Special teams needs big play: Whether it’s a long return by Leon Washington to flip field position, a punt by Jon Ryan that pins Arizona deep in their territory, or a forced fumble that gives Seattle’s offense a short field to score, the Seahawks’ special teams needs to be a strength today, not a liability like they were against San Francisco in the regular-season opener. Dave Boling of The News Tribune talks to former Seahawks offensive tackle Ray Roberts, who shares his thoughts about the struggles he went through as a first round pick with the team in 1992 – similar to what James Carpenter is dealing with in his rookie season.

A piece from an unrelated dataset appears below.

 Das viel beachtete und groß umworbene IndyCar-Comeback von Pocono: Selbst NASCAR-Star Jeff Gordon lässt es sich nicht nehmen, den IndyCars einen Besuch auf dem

The Seahawks will see a 3-4 defensive front for the third straight week. Expect a similar style of defense with Tacoma native Ray Horton, who cut his teeth under legendary Pittsburgh defensive coordinator Dick LeBeau, now serving as Arizona’s defensive coordinator.
Christian Caple of Seattlepi.com offers five things to watch for in today’s game.
John Boyle of the Everett Herald sees this game as an important one for Seattle to get at home, especially considering the team's next three games – Atlanta at home, and the N.Y. Giants and Cleveland on the road.
Danny O’Neil of the Seattle Times writes that the Seahawks need some home-field magic to get things turned around.
Dan Pompei of the National Football Post writes that although Tarvaris Jackson might not win as many games as Matt Hasselbeck could have, one of the reasons Seattle did pay Hasselbeck to stay is they were concerned about his ability to play a full season, and believed Jackson’s durability was key. So far that has proven true – Jackson has been sacked 10 times and hit 16 times, but is still standing.
Kent Somers of the Arizona Republic writes the Cardinals are out to prove they are contenders, not pretenders, in the NFC West title hunt.
Darren Urban of azcardinals.com says the Cardinals want to make their own noise at CenturyLink Field.